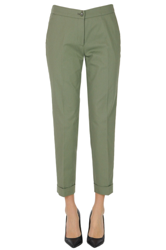 Cotton cigatette trousers precio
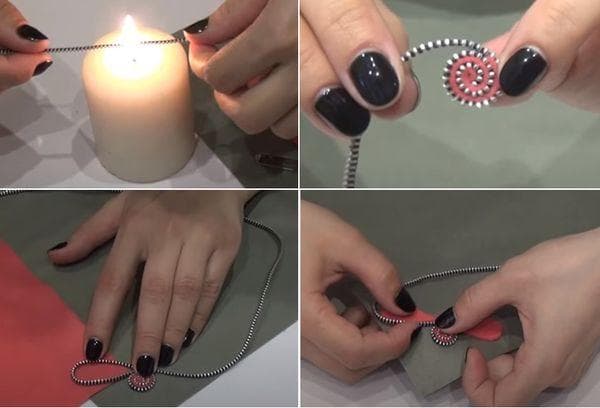 Fabriquer une broche avec un éclair 1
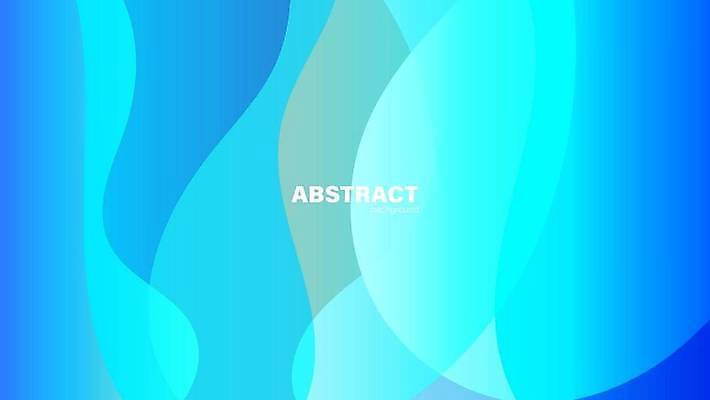 EPS 해외이미지 하늘색 백그라운드 일러스트 추상 사람없음 원형 웨이브 겹침 해외일러스트 도형 무늬 파란색 파일형식 벡터 이미지허브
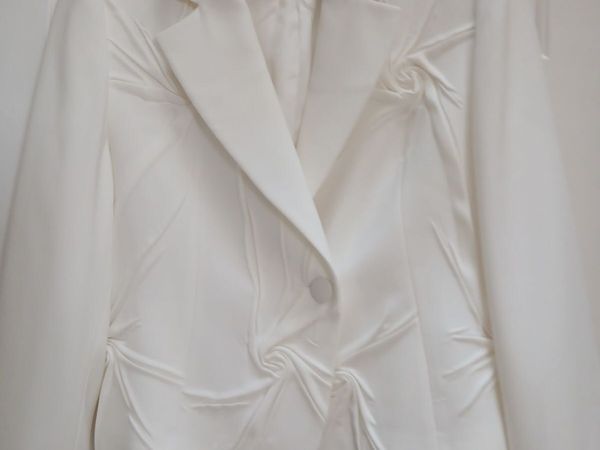 Ladies White Jacket (Size 18) - Main image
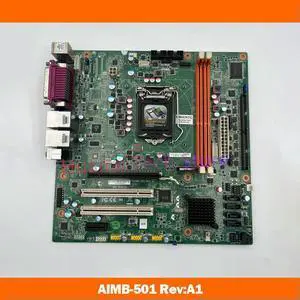 AIMB-501G2 Industrial Computer Motherboard Dual VGA For Advantech AIMB-501G2-KSA1E AIMB-501 Rev:A1
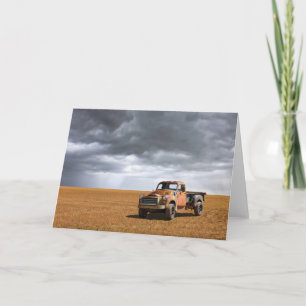 Farms Old Truck in Field Kaart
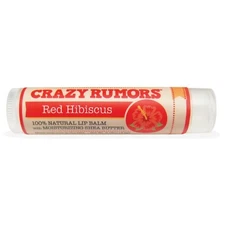 Crazy Rumors - Red Hibiscus 100% Natural & Vegan, Organic Lip Balm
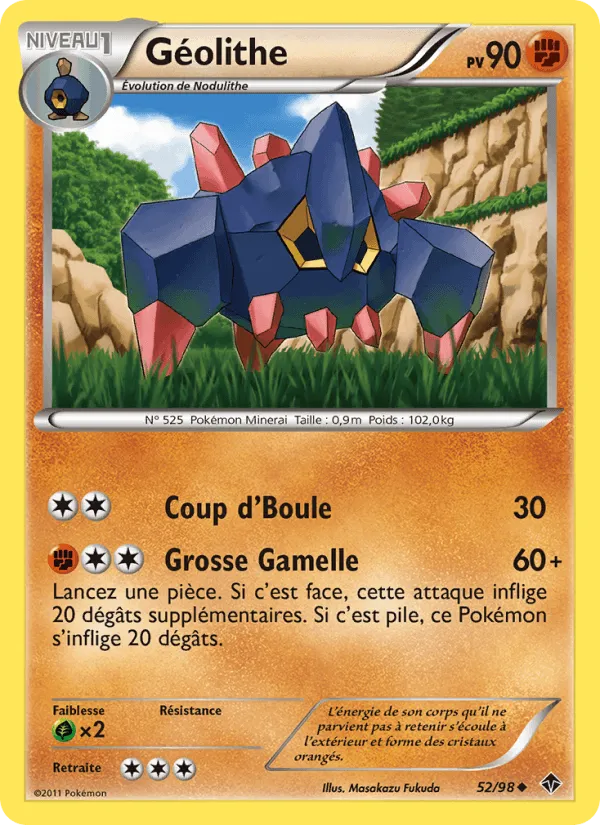 Géolithe · Pouvoirs Émergents 52/98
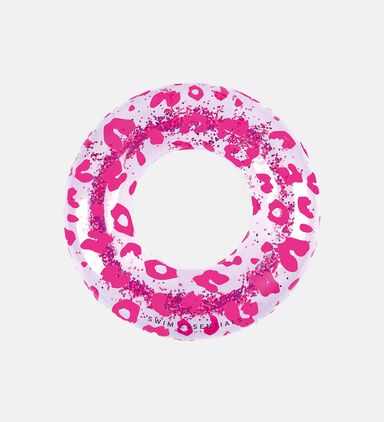 Neon Leopard 90cm Swim Ring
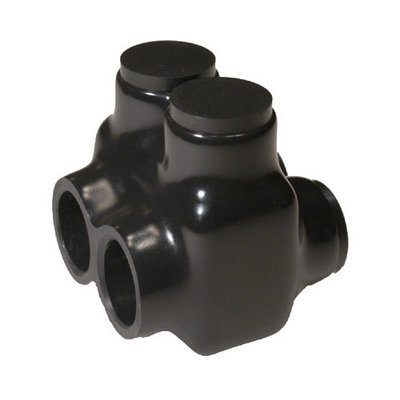 Morris Products 2/0-14 Insulated Dual Entry Splice in Black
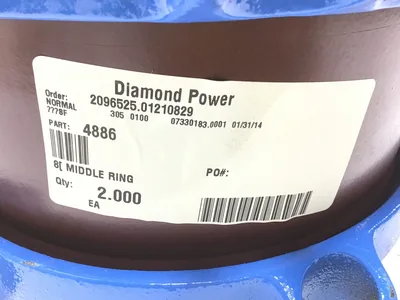 Diamond Power 4884-1/A-5447 5/8-11 x 8 – 1/4″ Coupling W/ Bolt Assembly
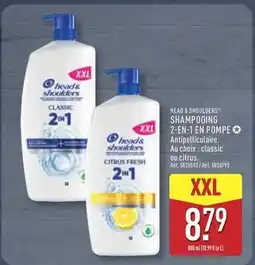 ALDI Head & shoulders - shampooing 2-en-1 en pompe offre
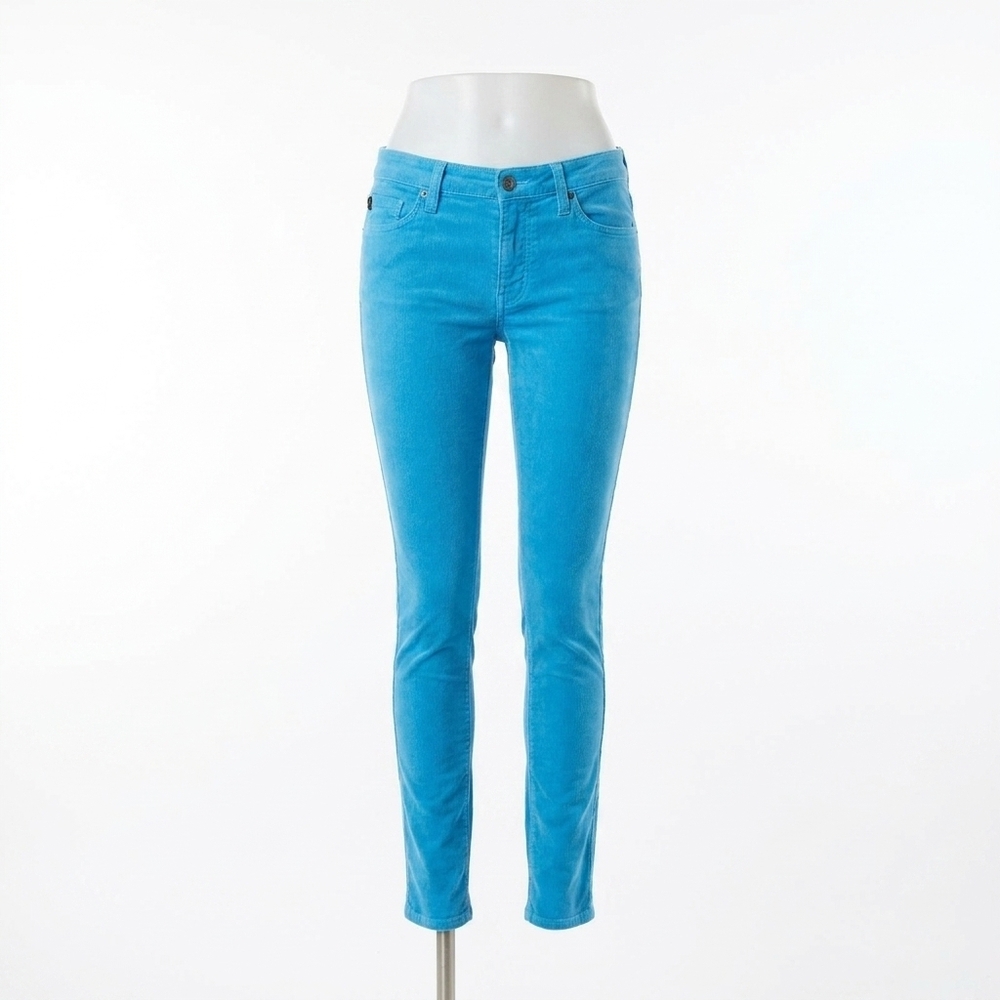 NEW AG JEANS stilt cigarette leg jeans in sky blue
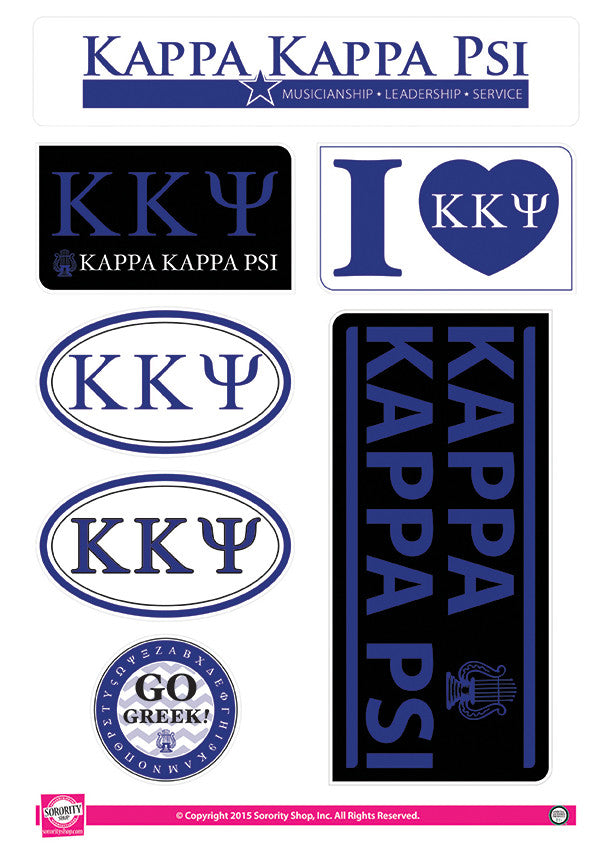 Kappa Kappa Psi <br> Lifestyle Stickers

● ● ● ● ●

**EXERCISE DESCRIPTION:** At the line containing "NEW AG JEANS", start reproducing exactly, and stop after the last line of the listing; include both ends, and leave the pictures out.

**THE COMPLETED TASK:**
 NEW AG JEANS stilt cigarette leg jeans in sky blue
 Kappa Kappa Psi <br> Lifestyle Stickers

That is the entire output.